Impact du niveau d’audace sur le budget

  • Scénario prudent
    • Location d’un véhicule 2 roues motrices, plus économique.
    • Moins de kilomètres qu’un tour complet de l’île, donc carburant légèrement réduit.
    • Hébergements dans des zones assez fréquentées mais avec un bon choix de catégories.
  • Scénario intermédiaire
    • Plus de kilomètres, donc budget carburant en hausse.
    • Possibilité de combiner guesthouses et hébergements un peu plus isolés (parfois plus chers ou moins flexibles).
  • Scénario engagé
    • Location 4×4 nettement plus coûteuse, surtout en haute saison.
    • Carburant plus important en raison de la consommation supérieure et des itinéraires plus longs.
    • Refuges ou hébergements rares à réserver très tôt, parfois avec des conditions d’annulation restrictives.

Dans tous les cas, l’Islande reste une destination chère. Le niveau d’audace influe surtout sur la ligne “transport” du budget global.
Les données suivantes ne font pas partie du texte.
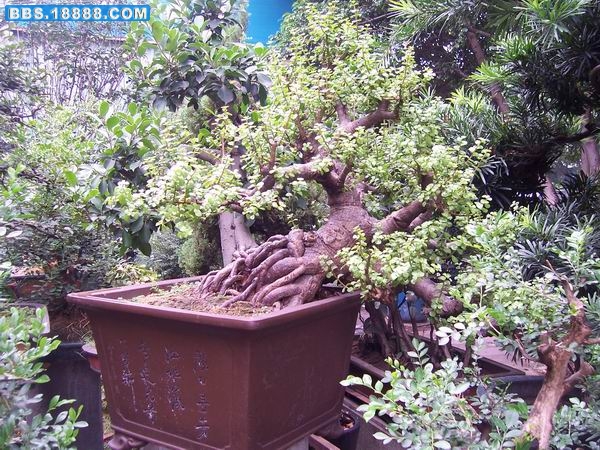 100_2293.JPG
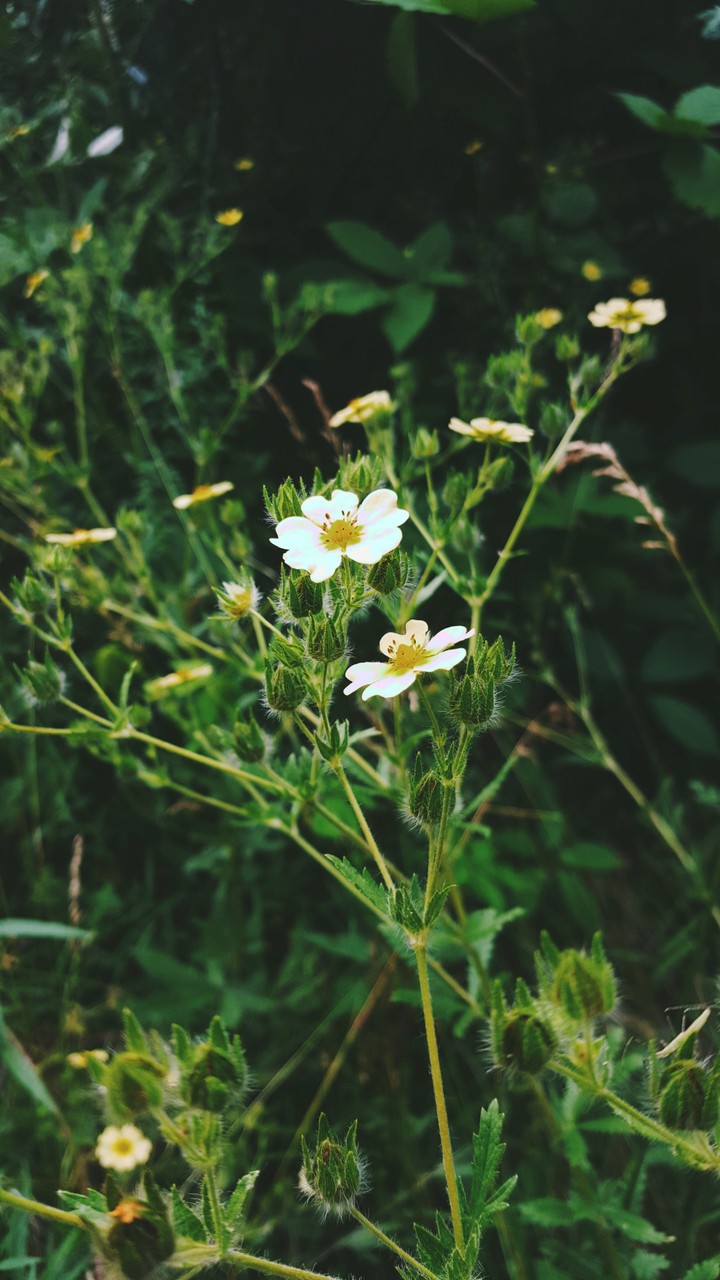 Wildflower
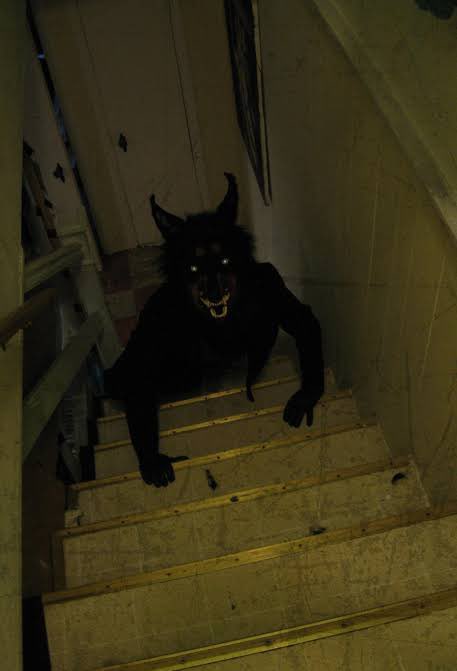 Pumpkin || inactive tweet media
Meilleure saison selon votre profil

  • Niveau prudent
    • Juin à août : routes dégagées, météo plus stable, nuits courtes (mais plus simples pour conduire).
    • Éviter l’hiver sauf si vous avez déjà l’habitude de conduire sur neige et verglas.
  • Niveau intermédiaire
    • Mai et septembre sont envisageables, avec des journées plus courtes mais moins de touristes.
    • Nécessité de surveiller les fermetures de routes plus tôt en saison.
  • Niveau engagé
    • Fenêtre souvent plus restreinte pour les Hautes Terres : en général de fin juin à début septembre, selon l’enneigement.
    • Votre flexibilité de dates doit être plus grande pour pouvoir adapter le programme aux ouvertures de pistes.
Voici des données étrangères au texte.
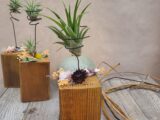 Le tillandsia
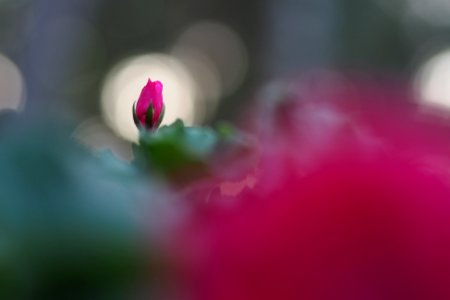 Geranium photo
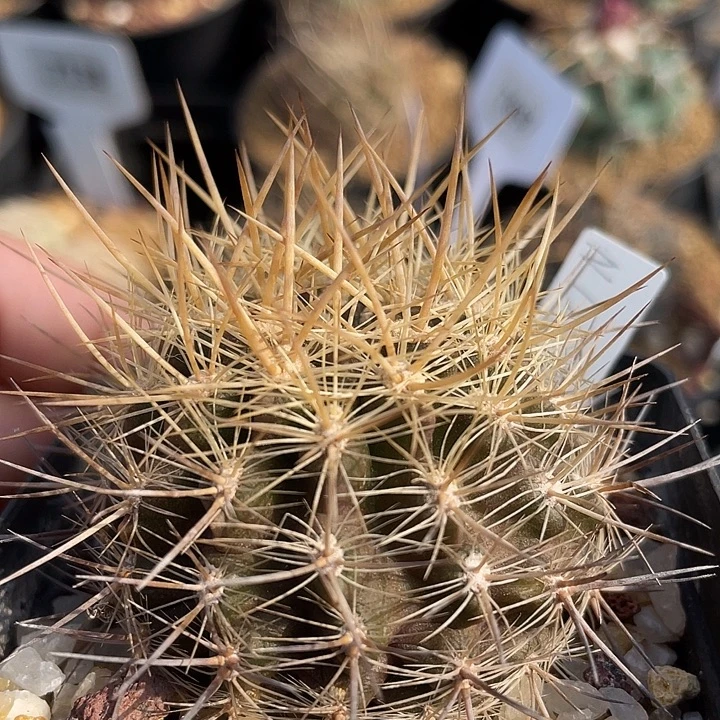 智利球实生裸根发货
Sécurité : ajuster son comportement à son niveau

Quel que soit votre scénario, quelques principes restent valables :

  • Consulter quotidiennement les sites officiels sur l’état des routes et la météo.
  • Ne jamais s’engager sur une piste F ou dans un gué avec un véhicule non adapté.
  • Éviter de rouler de nuit, surtout en dehors des mois d’été.

La différence se fait ensuite dans la tolérance à l’isolement et à la difficulté :

  • Niveau prudent : rester sur les itinéraires touristiques majeurs, où l’assistance est plus rapide en cas de problème.
  • Niveau intermédiaire : accepter des tronçons plus isolés, mais sans multiplier les zones très reculées dans la même journée.
  • Niveau engagé : combiner isolement et difficultés techniques, mais avec un haut niveau de préparation (cartes hors ligne, ravitaillement, marge de temps importante).

L’objectif n’est pas de “pousser” votre audace au maximum, mais de trouver le bon équilibre entre découverte et confort, de façon à profiter pleinement de votre voyage sans se mettre en danger.